Forensic collection — gathering evidence from the individual’s body — is only done if it has been less than 84 hours since the assault.
“Preservation of possible DNA and evidence is a lot less likely after that time period,” Korb said. “But even after 84 hours, somebody can still come in and get pregnancy-prevention, HIV and other STD counseling. And we still deal with everything else, we just wouldn’t collect evidence.”
Assuring that the survivor is in charge of the process can be challenging at times.
“You learn to read facial expressions and body language pretty quickly,” Korb said.
“Even if somebody is saying, yes, it’s OK to do a general exam, you’re looking at their body position. Are they closed in or keeping their legs closed? It helps to determine whether they are actually ready. We talk back and check in frequently on what we are doing.”
The goal is to minimize trauma, she said. HAVEN advocates are helpful at reading clues and speaking up for the patient.
“It’s a unique moment in time that hopefully won’t happen to a person again,” Korb said.
“I find it a huge privilege to be there for that person at that moment, and knowing that with what they’re going through they may never remember me or my name or what happened that day, but if in the end they are met with resources and a positive experience with the health care system, I feel we can shed light into a very dark place.”
The information collected from the victim becomes part of the broader investigation, which locally usually involves Rosebraugh of the Oregon State Police.
For most of the last 14 years, Rosebraugh has investigated sexual assault and child abuse cases.
“I think we kind of go through time periods, depending on what’s going on socially about how people feel about reporting sexual violence,” Rosebraugh said.
The nature of such crimes can also change.
“It’s all moving toward technology,” she explained, “how people are meeting their victims and how they perpetrate their crimes. Eventually they meet up and have contact, but it’s very anonymous, you don’t know people and yet they form relationships, then they create or engineer an encounter.”
The local area doesn’t see quite as much of that kind of encounter, Rosebraugh said. More common are events such as “kids that sext and trade images, then hold them against the other person and they feel threatened. We try to be understanding about not prosecuting kids making terrible decisions.” Sometimes, though, the problems become severe enough that prosecution is warranted.
When a case does come down to sexual assault or similar physical crimes, Rosebraugh is among the first people called.
“Generally, Jamie Carrico [The Dalles police detective] will call and say, ‘I’ve got a gal at the hospital who says this is what happened. Are you available?’”
Several people on the Sexual Assault Response Team, a legislatively mandated county team of experts on the subject, will review the initial statement about the assault and make assignments regarding evidence, interviews and other tasks.

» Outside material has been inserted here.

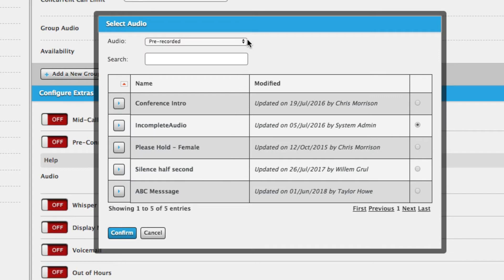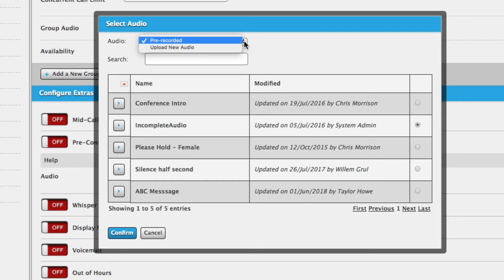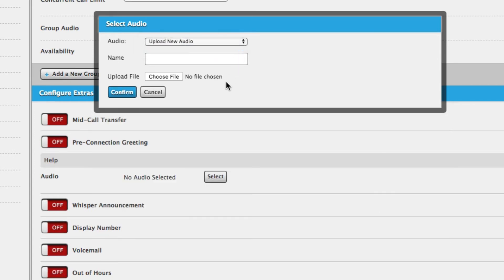Choose from a selection of pre-recorded and previously uploaded files from the list. Alternatively, you can upload a new file. Click in the drop-down box and select Upload New Audio.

“[A HAVEN] advocate is almost always there before we get there,” Rosebraugh said. A lot of things become obstacles, she noted.
“The percentage of it being a stranger is usually very low — it’s usually somebody they know,” she said. “A lot of times the biggest obstacle is that person feeling like they can’t make a report, or feeling guilty or afraid of repercussions or not supported.
“Younger victims get bullied a lot more. Teenagers tell a friend they’re going to the [emergency room] and it goes like wildfire. People start texting other people, and you no longer have control of information. It’s harder to have the element of surprise. That’s a big problem.”
Most cases Rosebraugh gets called to have some kind of charges filed, she said. But the percentage of cases that actually go to court is much lower.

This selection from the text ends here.